***** Data shown *****

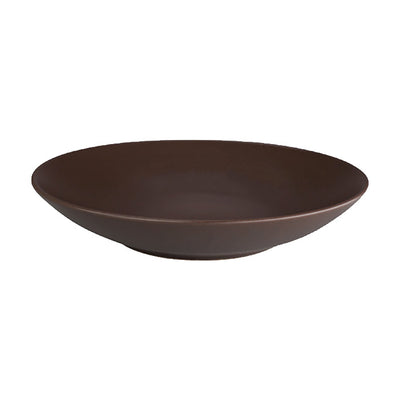 Ziena 020340 Stoneware Deep Coupe Plate, Chocolate, 18 oz., Case of 12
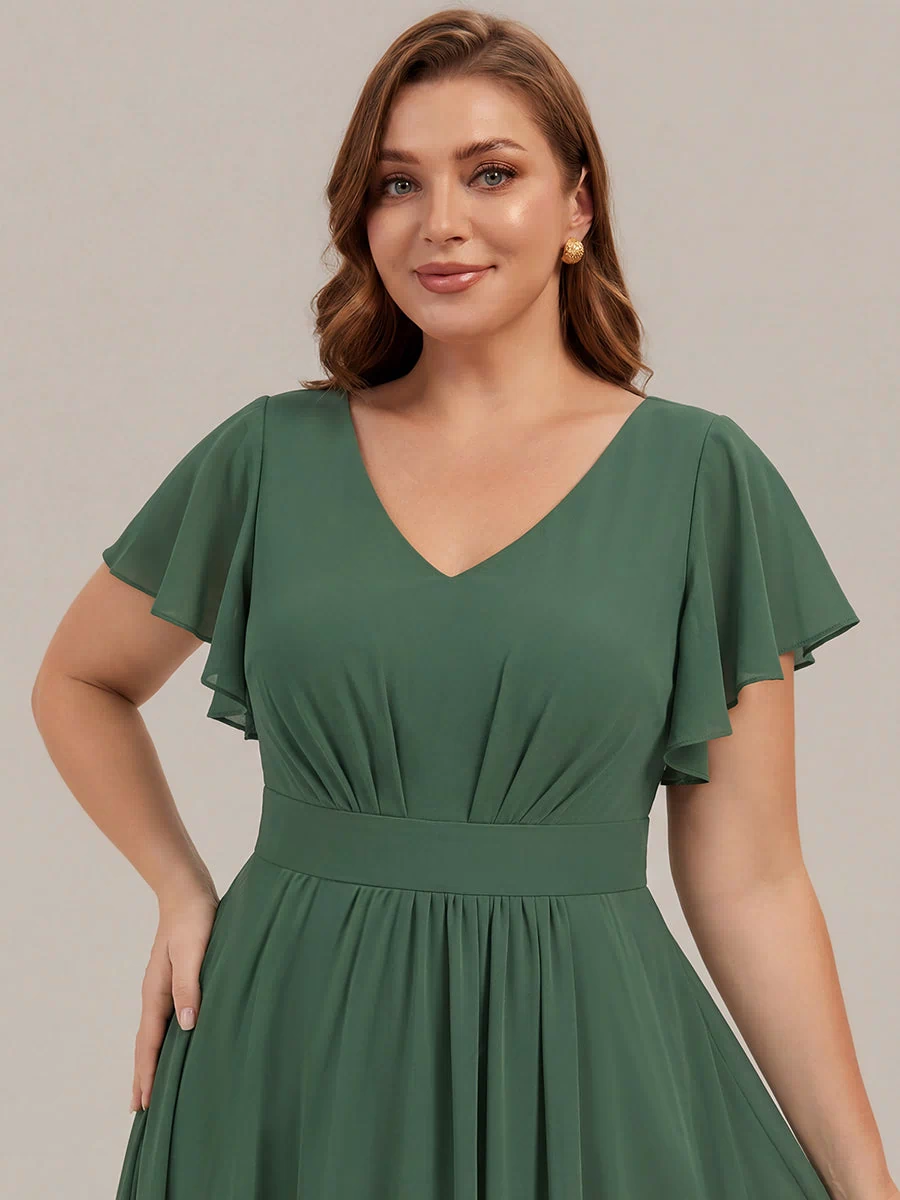Chiffon Ruffle Sleeve A-Line Wedding Guest Dress #color_Eucalyptus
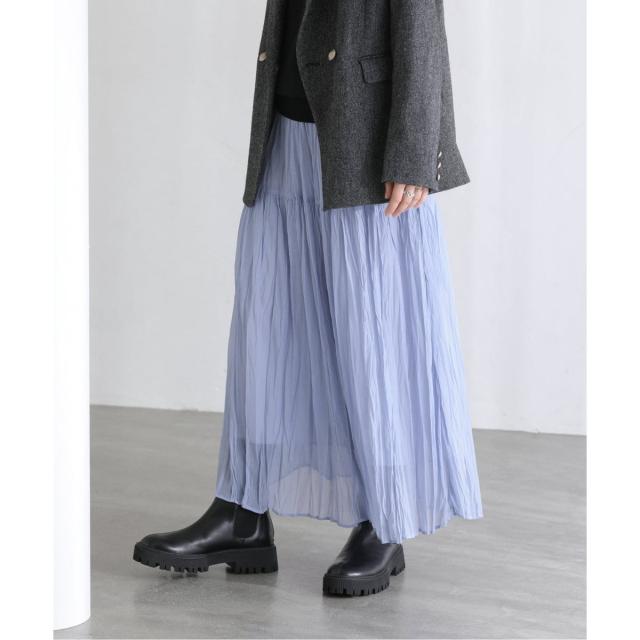 ラ トータリテ（La TOTALITE）/【洗える】シフォンニットワッシャースカート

*****

Starting with the line that holds "Chiffon Ruffle Sleeve", reproduce exactly each line up to and including the last line of the material above, and drop the pictures.

Chiffon Ruffle Sleeve A-Line Wedding Guest Dress #color_Eucalyptus
 ラ トータリテ（La TOTALITE）/【洗える】シフォンニットワッシャースカート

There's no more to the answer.